An applied computer vision project focused on the automated detection of road surface damages such as potholes and cracks using deep learning–based object detection.
The project demonstrates an end-to-end pipeline for image-based road condition monitoring in real-world scenarios.
The project is implemented in Python using the PyTorch deep learning framework.
A YOLO-based object detection model is used for damage localization and classification.
Image processing and data handling are performed using OpenCV and NumPy, with experimentation carried out in a Jupyter Notebook environment.
Traditional road inspection methods are manual, time-consuming, and difficult to scale across large geographic regions.
This project aims to automatically detect and localize road damages from images, enabling efficient, consistent, and scalable infrastructure monitoring using deep learning techniques.
The project uses publicly available road damage image datasets (RDD-style datasets).

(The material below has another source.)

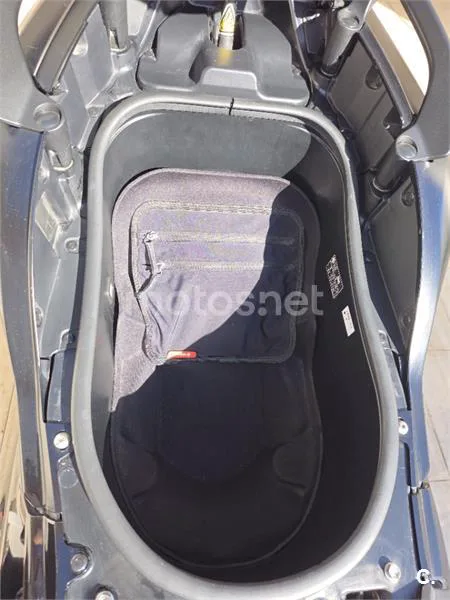 Yamaha TMAX – Vista 11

The dataset contains annotated images covering multiple damage categories, including potholes, longitudinal cracks, and transverse cracks.
1. Data Preprocessing
Images are resized and normalized, bounding-box annotations are parsed, and the dataset is split into training and validation sets.
2. Model Training
A YOLO-based object detection model is trained on custom road damage classes using supervised learning.
3. Evaluation
Model predictions are evaluated through visual inspection and basic performance analysis to assess detection quality.
The trained model is able to successfully detect common road damage patterns from static images.

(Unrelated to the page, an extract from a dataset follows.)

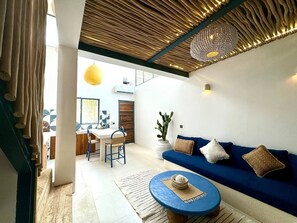 Living area - Santorini Inspired 1 BR Apt 5 Mins to Finns (Kec. Kuta Utara, Kabupaten Badung,)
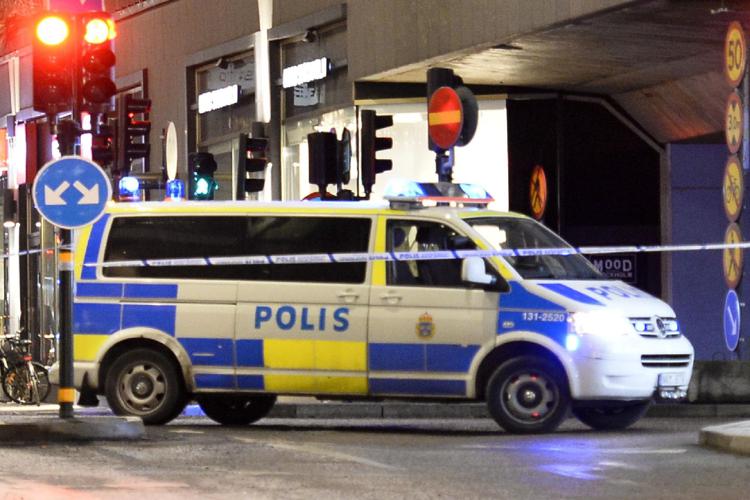 Svezia, uccise due studentesse in una scuola di Malmo: arrestato un 18enne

The results demonstrate that deep learning–based object detection is a feasible and effective approach for automated road inspection.
Sample prediction outputs are available in the samples/ directory.
Model performance is sensitive to dataset size, class imbalance, and annotation quality.
Environmental factors such as lighting conditions, shadows, and camera angles can affect detection accuracy.
Additional tuning and validation are required before production-level deployment.
Planned improvements include training on larger and more diverse datasets, deploying the model as a REST API or edge-based application, supporting real-time video inference, and improving generalization through data augmentation and model optimization.
This project highlights the practical application of deep learning and computer vision for infrastructure monitoring and demonstrates how object detection models can support scalable and automated road damage assessment.